Come i lettori sanno, la narrativa di Dario Tonani fa perno sui personaggi; non è un caso se due precedenti romanzi del ciclo di Mondo9 hanno come titolo nomi propri, Naila e Mia. Anche in questo caso l’autore non si smentisce: abbiamo Evelyne, trapezista adolescente e erede di una dinastia circense, e Alvaro, un piccolo pregiudicato che non ha però la tara del male, e di fronte alle sfide della trama si comporta correttamente. Entrambi finiscono sradicati dal loro ambiente a causa del disastro alluvionale, e si appoggiano uno all’altra per trovare il loro posto nella nuova organizzazione sociale che cerca di uscire dall’emergenza.

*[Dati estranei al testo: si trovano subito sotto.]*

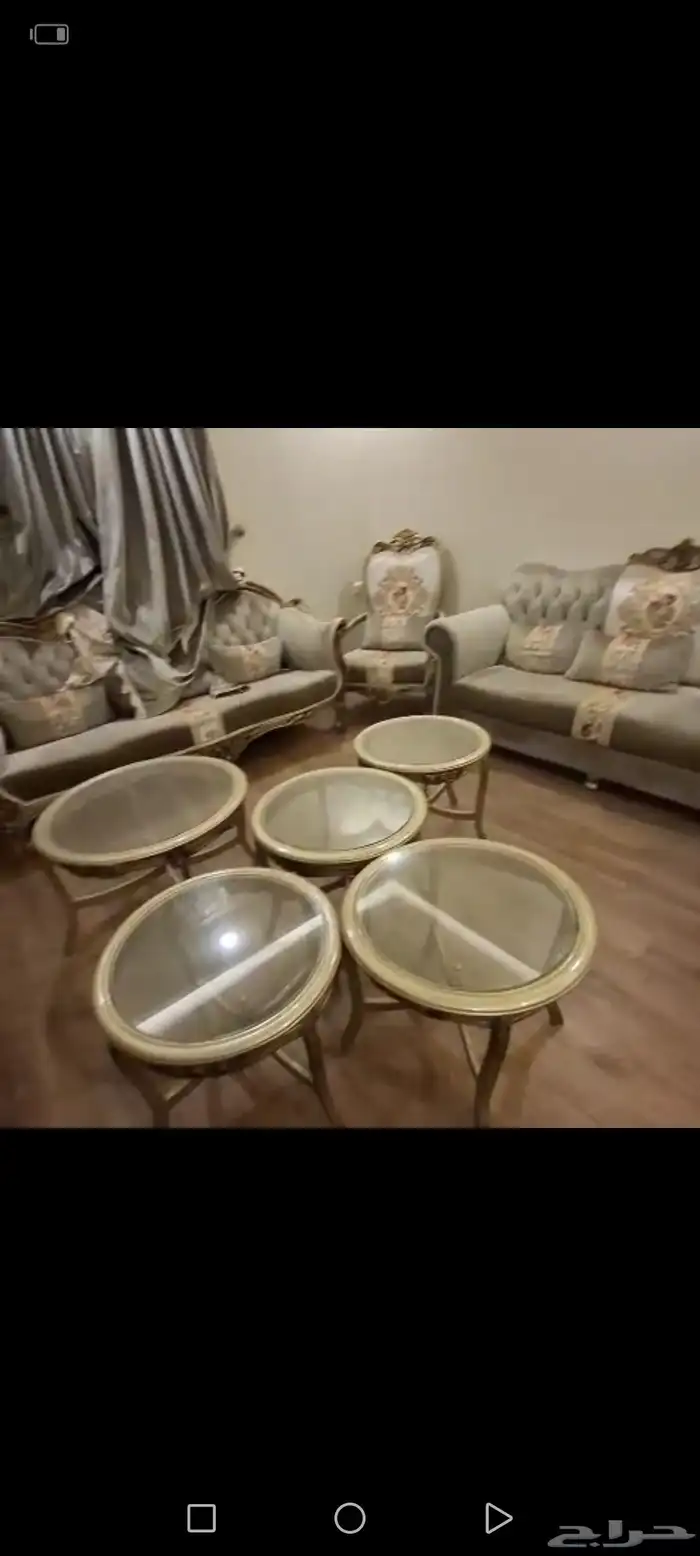 كنب ملكي نظيف جدا للبيع 2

Va sottolineato che Tonani ha deciso, giustamente di non scegliere i protagonisti tipici della narrativa apocalittica, o post-apocalittica, cioè scienziati geniali, politici onesti, militari abituati all’azione — nessuno di quegli eroi in grado di ribaltare la situazione con un’iniziativa individuale che si distacca dall’impotenza generale. Evelyne a Alvaro sono trascinati dagli eventi, non li dominano, e se alla fine riescono a ottenere ciò che vogliono, ciò avviene per il rotto della cuffia e perché incontrano la solidarietà di altri personaggi.

Qualche parola sulla trama, senza svelare troppo: al termine di un catastrofico, e scientificamente inspiegabile, mese di piogge alluvionali, l’emergenza non è più ambientale: con sconcerto, orrore e impotenza, si scopre che dopo la morte i corpi di qualsiasi animale, esseri umani compresi, levitano sollevandosi di centinaia di metri, come se fossero pieni d’aria. E lassù sopra le nostre teste, rimangono in balia del vento e degli agenti atmosferici, sottoposti al processo di degradazione organica.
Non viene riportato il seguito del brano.